Sorry for the late reply back - so glad it could help you. I've used mine a bunch of times since I got it refilled and my custom version with the ketoprofen instead of tylenol works great. Its so nice to not be sitting there counting the pills thinking, should I take it or should I try to just take a plain painkiller and pray it works. Prayer may be remarkably effective for many things, but migraines don't seem to be one of them. Then again, on the plus side all my prayers to just die during a migraine haven't been answered either so I guess thats a bonus.
There was a study published recently that suggested that many people have migraine symptoms up to a day or so before the actual migraine. Before the auras and other visual disturbences we're all used to, things like mood swings, food cravings (often for the foods that give us migraines), dizziness etc. The study suggested that taking the migraine meds THEN instead of waiting for the onset of the auras or actual headache could stop many migraines in their tracks.

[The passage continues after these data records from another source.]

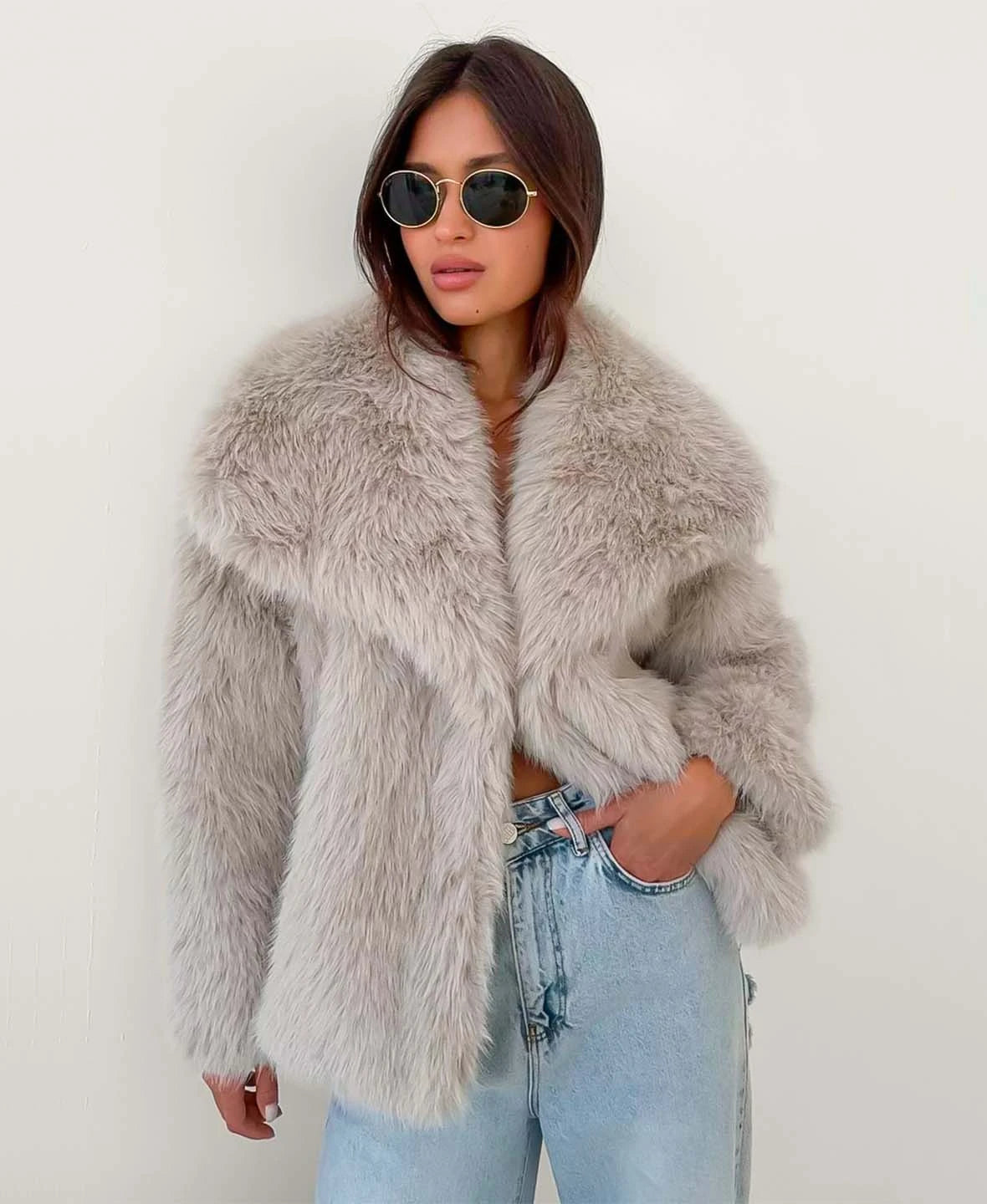 Luxe Faux Fur Chic Coat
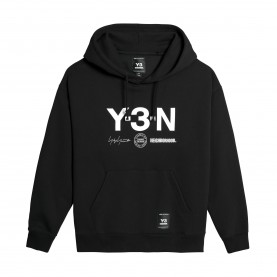 Суичър Y3 X Neighborhood Graphic Hoodie - Black суичър,мъжки,горнища,с,качулка,y3,x,neighborhood,graphic,hoodie,black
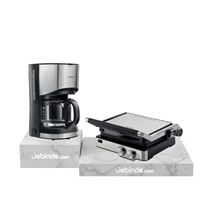 Kenwood Kahvaltı İkilisi - 1 (Filtre Kahve Makinesi CMM10.000BM + Tost Makinesi HGM80.000SS)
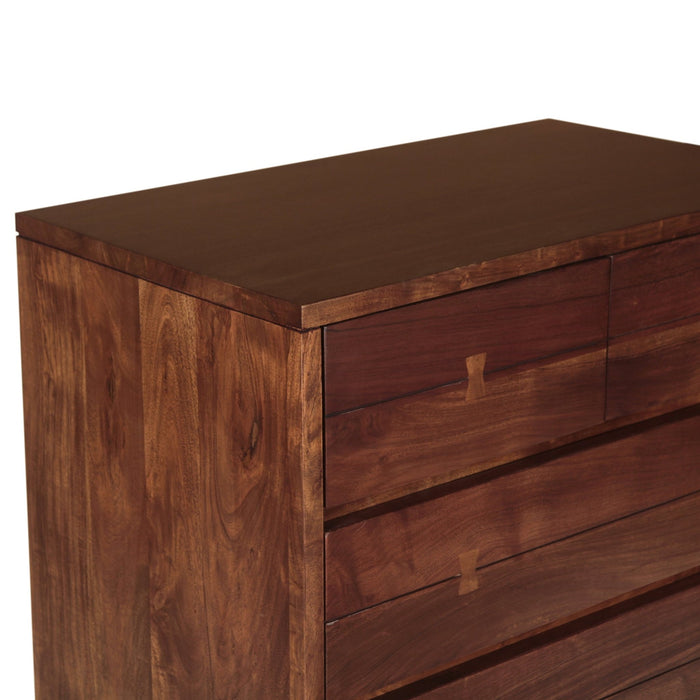 Glenwood 34" Tall Chest in Walnut - World Interiors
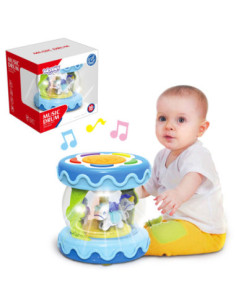 WOOPIE Bębenek Pozytywka ze Światłem Zabawka Muzyczna dla Niemowląt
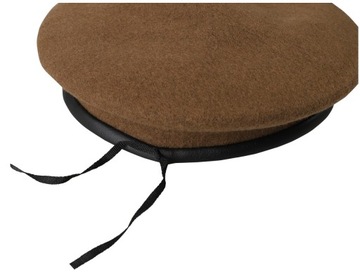 Военный гала-берет Сил территориальной обороны WOT, Шерстяной коричневый 56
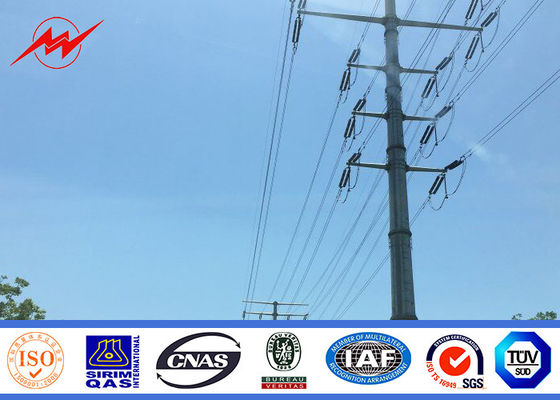 33kv 송전 폴란드 +/-2% 포용력 전송선 폴란드 강철 탑
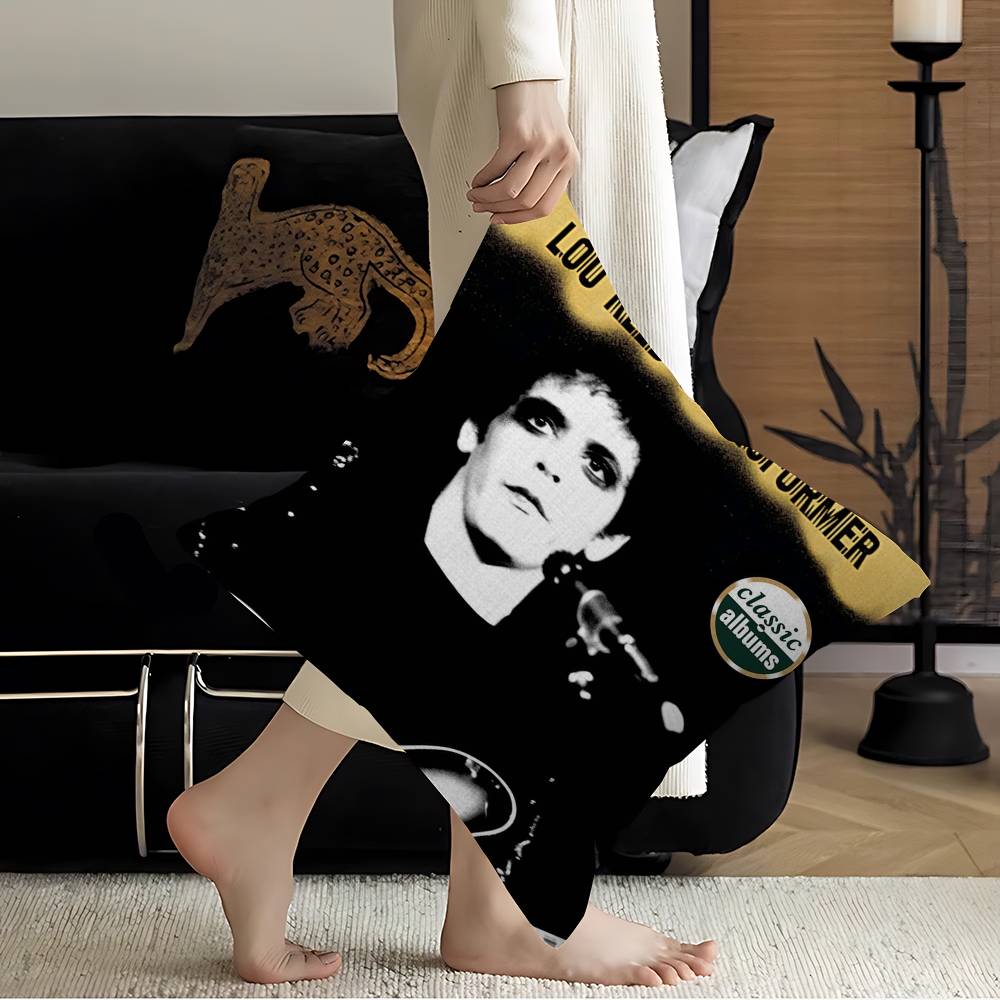 

LLou RReed Singer Pillow Cover Design Cushion Cover Decor Holiday Decorati 30x30 cm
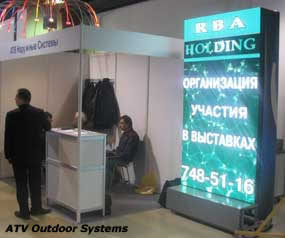 Vertical SMD video sign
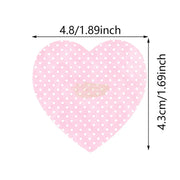 200 Pcs Heart-Shaped Lint-Free Cotton Pads Nail & Beauty Cotton Pads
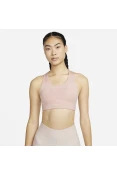 TOP NIKE DRI-FIT SWOOSH FEMININO - Rosa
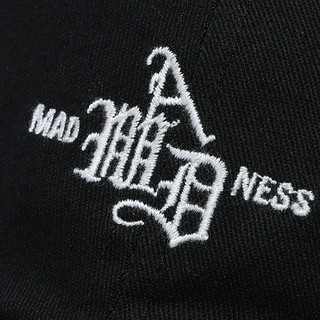 MADNESS 男女款棒球帽 21SS-TM-SB-D001_BLK 黑色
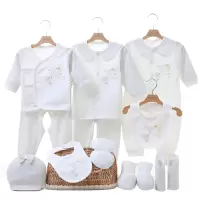 亿婴儿 婴儿衣服礼盒纯棉套装新生儿衣服礼盒 婴儿用品12件套 2608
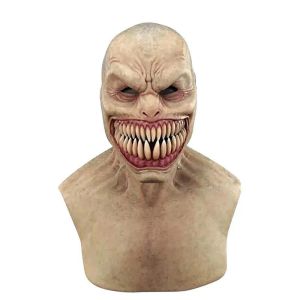 Party Masks Adult Horror Trick Tot Toy Scary Prop Latex Masque Devil Face Cover Terror Blague pratique effrayante pour Halloween Prank Toys Nouveau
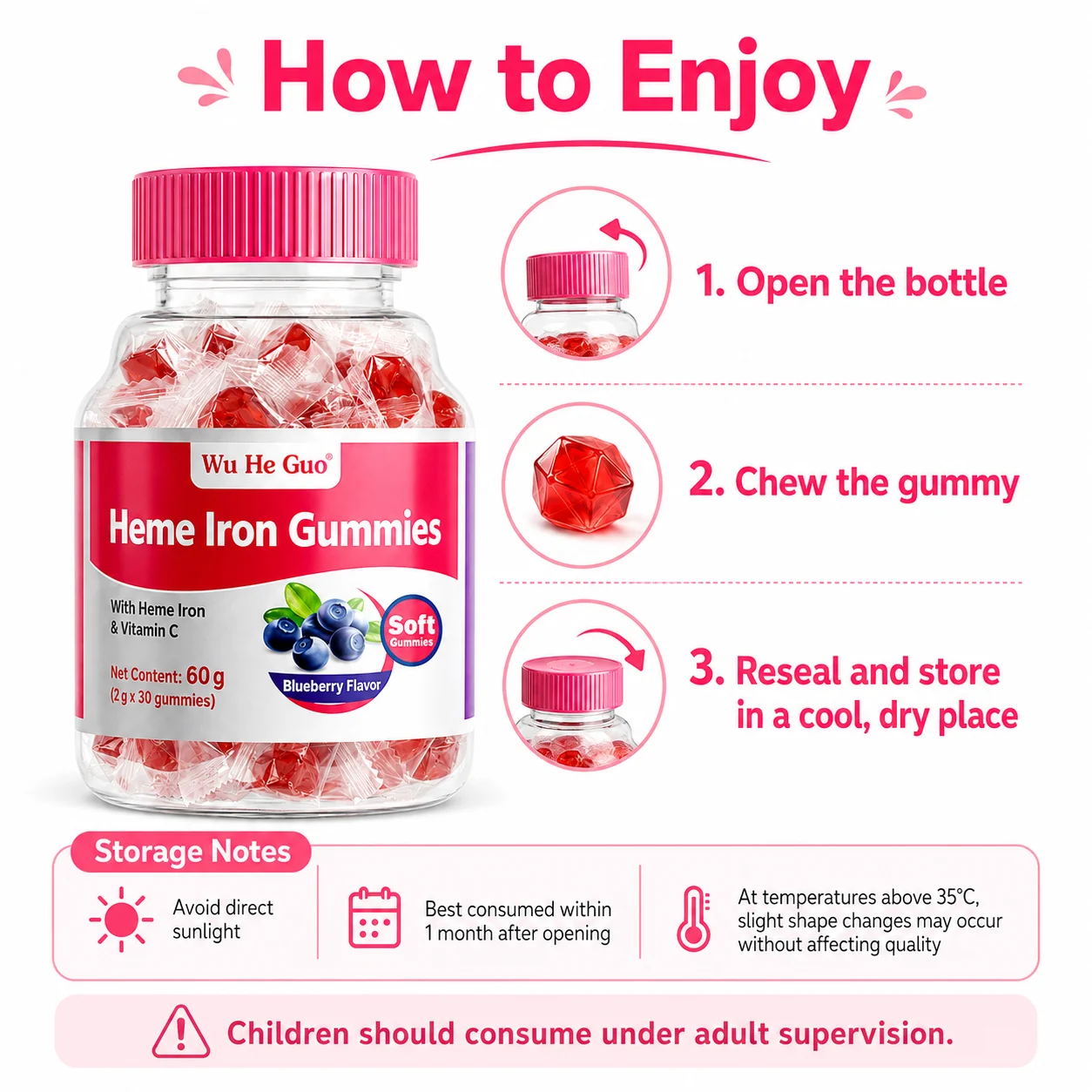 Heme Iron Gummies product detail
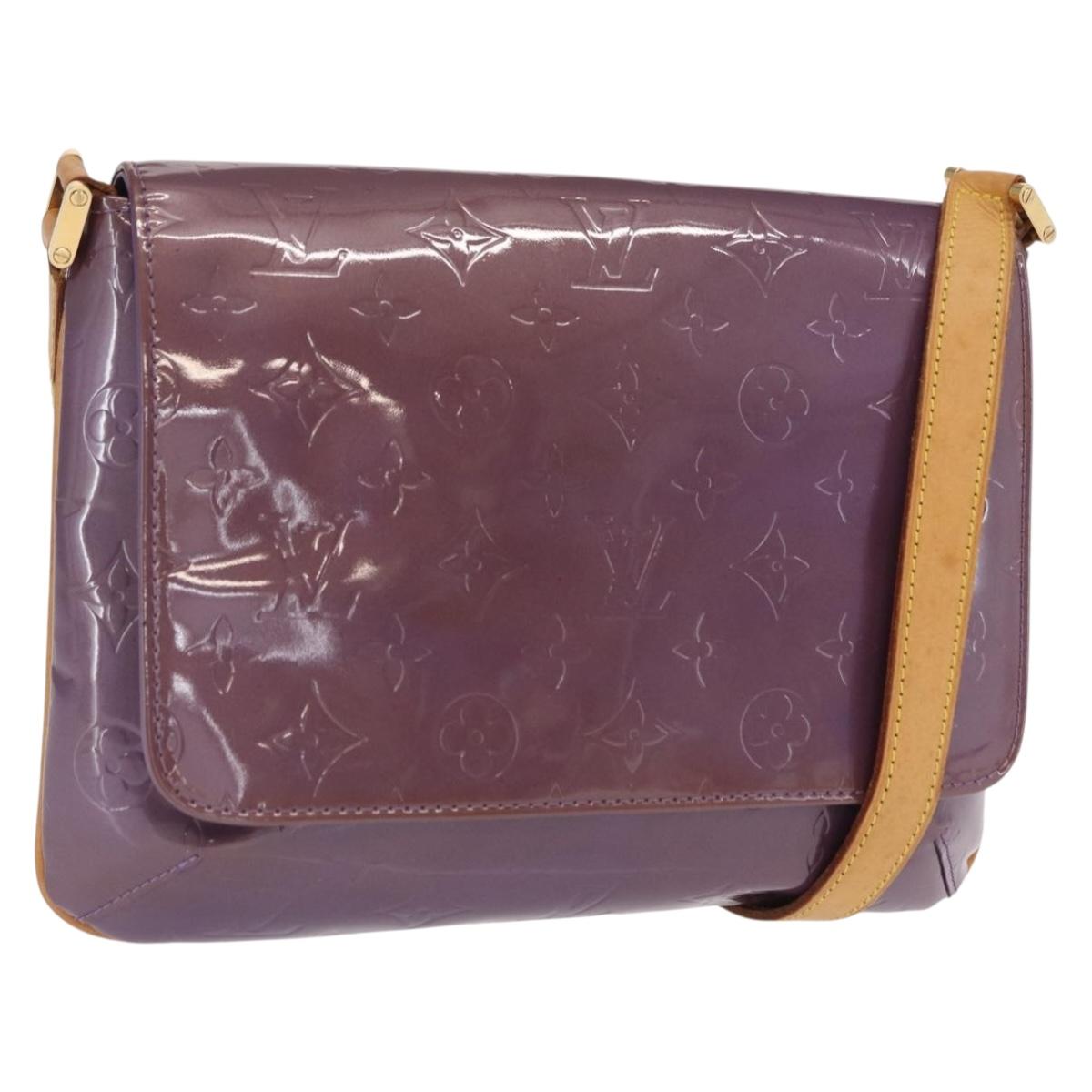 LOUIS VUITTON Vernis Thompson Street Bag Purple Viole M91095 Auth 169990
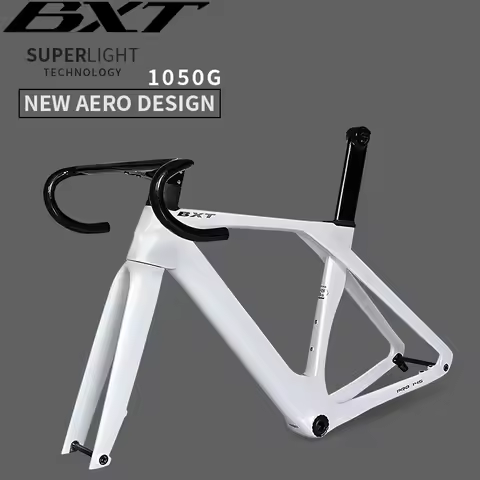 BXT Fully Hidden Carbon Disc Road Bike Frame Lightweight Road Bicycle Carbon Frame BB T47 Aerodynami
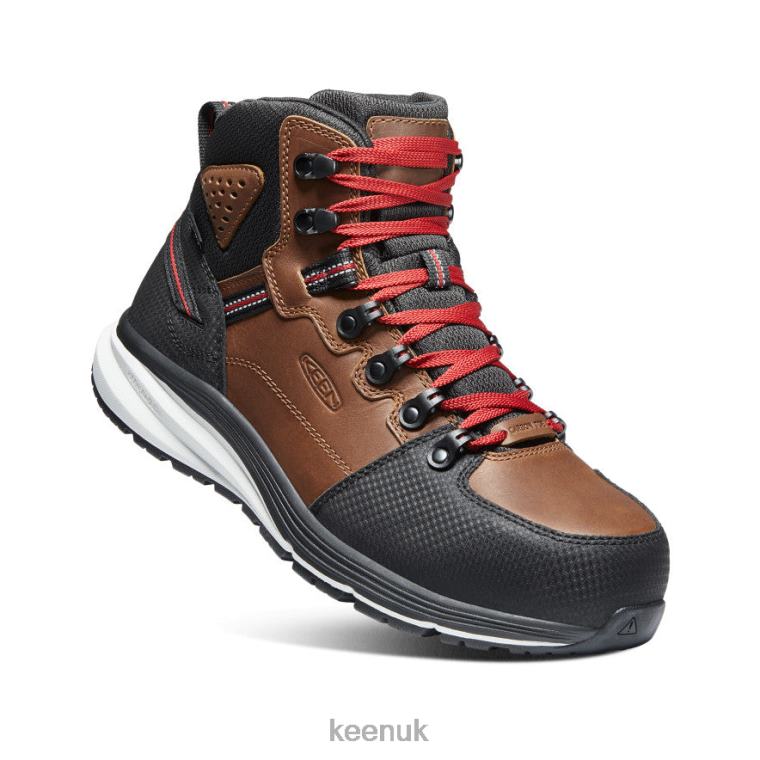Footwear KEEN Red Hook Waterproof Boot (Carbon-Fiber Toe) Tobacco/Black Men Z2D88223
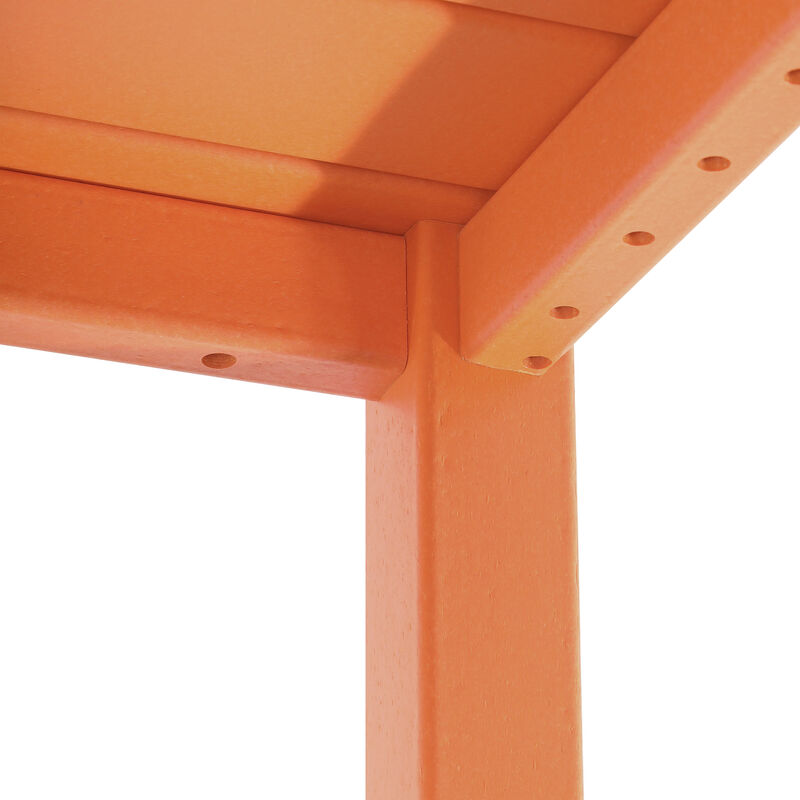 WestinTrends Kids 5-Piece HDPE Outdoor Square Patio Dining Table and Chairs Set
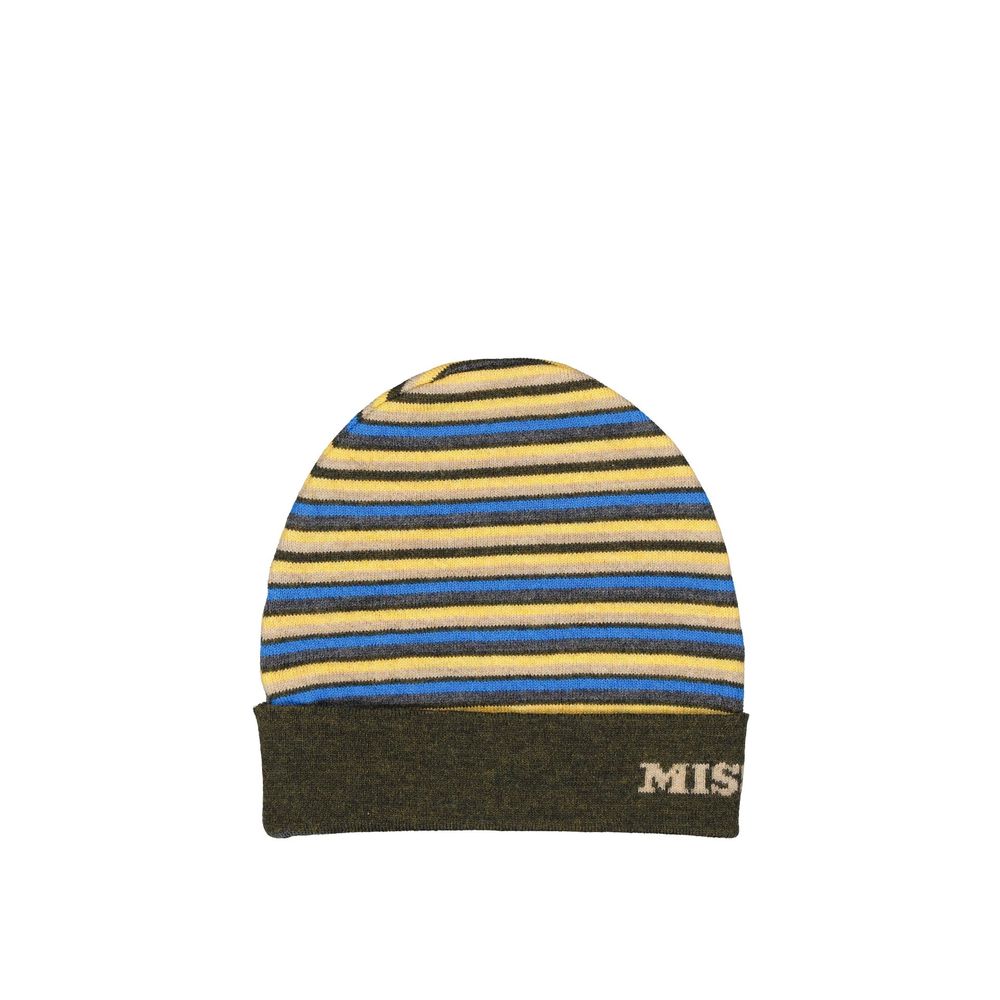 Bicolor Wool Beanie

Now that I've got a full bottle of pills and the ability to get refills I've tried this a few times - thought back to how I felt the previous day before I got a migraine and tried to figure out if there were any symptoms and then take my pills when it happens again. It seems to work, its possible I wasn't going to get a migraine those days anyway. I figure after a few more months I'll know if I'm really ending up with less actual migraines by trying that or not.
PLEASE SIGN THIS PETITION TO BRING MIDRIN BACK
I went to a compounding pharmacy in Dallas, TX called Dougherty's. It has been around since the 1950's and the people are really nice. They also do mail orders but the pharmacists who gave me the script said it was the last batch (I think it was about 4 or 5 perscriptions worth and mine had 60 pills) of it that he had. He is trying to find the compounds. I had never heard of this before and he said it will likely be my miracle drug. You could give them a call and see if they still have some. They have a website doughertys.com. Hope this helps
I have been taking Imitrex for year's and always had side effects with this type of medication. My doctor just this month prescribed what the pharmacist called midrin. I find that I am taking it more often than I noticed taking other medications (at least 3 times a week). I guess I should go ahead and get a refill of the medication since everyone says that it is not available anymore.
Can you please tell me where you found Midrin???? I would likely be willing to drive or fly there to get my prescription filled. Seriously. Thanks for your reply.
It's highly unlikely that you're going to find it anywhere. The only way would be if it's been sittting on a shelf in a pharmacy for a couple of years. It's been that long since it was made now. If none of the triptans or ergotamines work for you, or if you can't take them, your best bet is for your doctor to give you a prescription to take to a compounding pharmacy. They can make a Midrin equivalent for you. The prescription will need to be for Isometheptene Mucate USP, 65 mg, Dichloralphenazone USP, 100 mg, and Acetaminophen USP, 325 mg.
since midrin has been discontinued what drug can be used as a replacement?
Check out my reply directly above yours. I've answered this question there.